> [What to produce]: Without including any pictures, please copy every entry below exactly.
[Exercise materials — start]
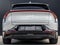2022 Kia EV6 Wind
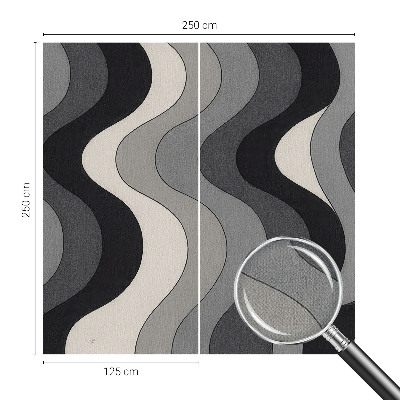 Fototapeta samoprzylepna z nadrukiem Fototapeta samoprzylepna z nadrukiem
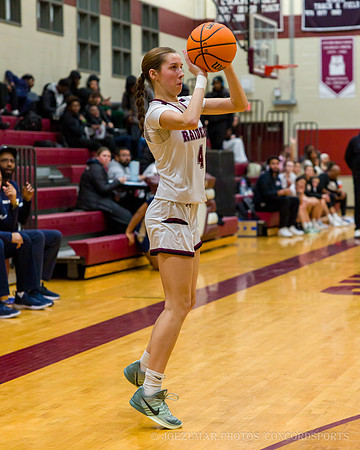 ConcordBB_GV_20251217-051
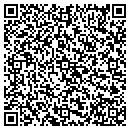 QR code with Imaging Vision Inc contacts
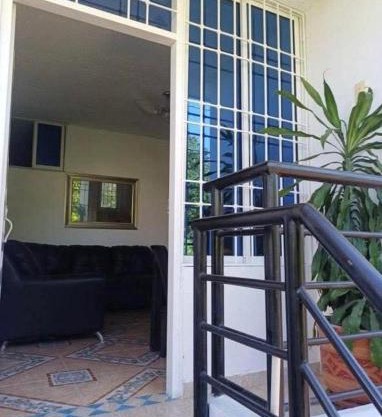APARTAMENTO SENCILLO 3 PERSONAS AIRE ACONDICIONADO - NO PARQUEADERO - Excelente Ubicacion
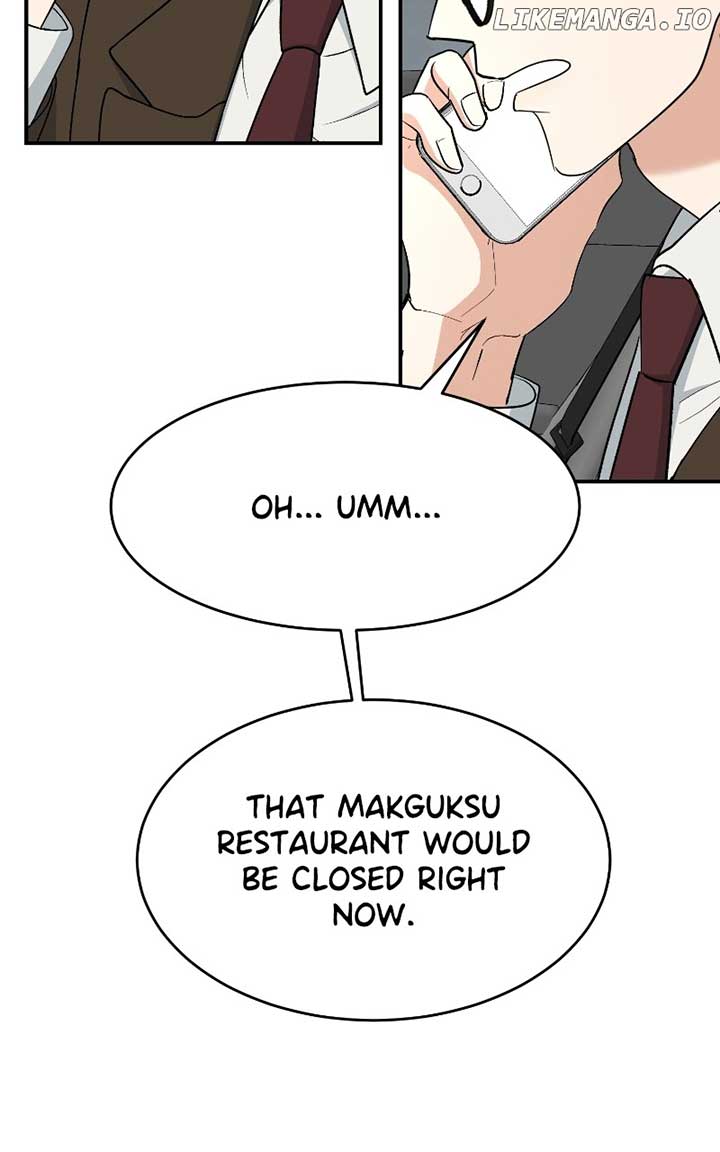ch 39 72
[Exercise materials — finish]
> [Solved problem]:
2022 Kia EV6 Wind
 Fototapeta samoprzylepna z nadrukiem Fototapeta samoprzylepna z nadrukiem
 ConcordBB_GV_20251217-051
 QR code with Imaging Vision Inc contacts
APARTAMENTO SENCILLO 3 PERSONAS AIRE ACONDICIONADO - NO PARQUEADERO - Excelente Ubicacion
ch 39 72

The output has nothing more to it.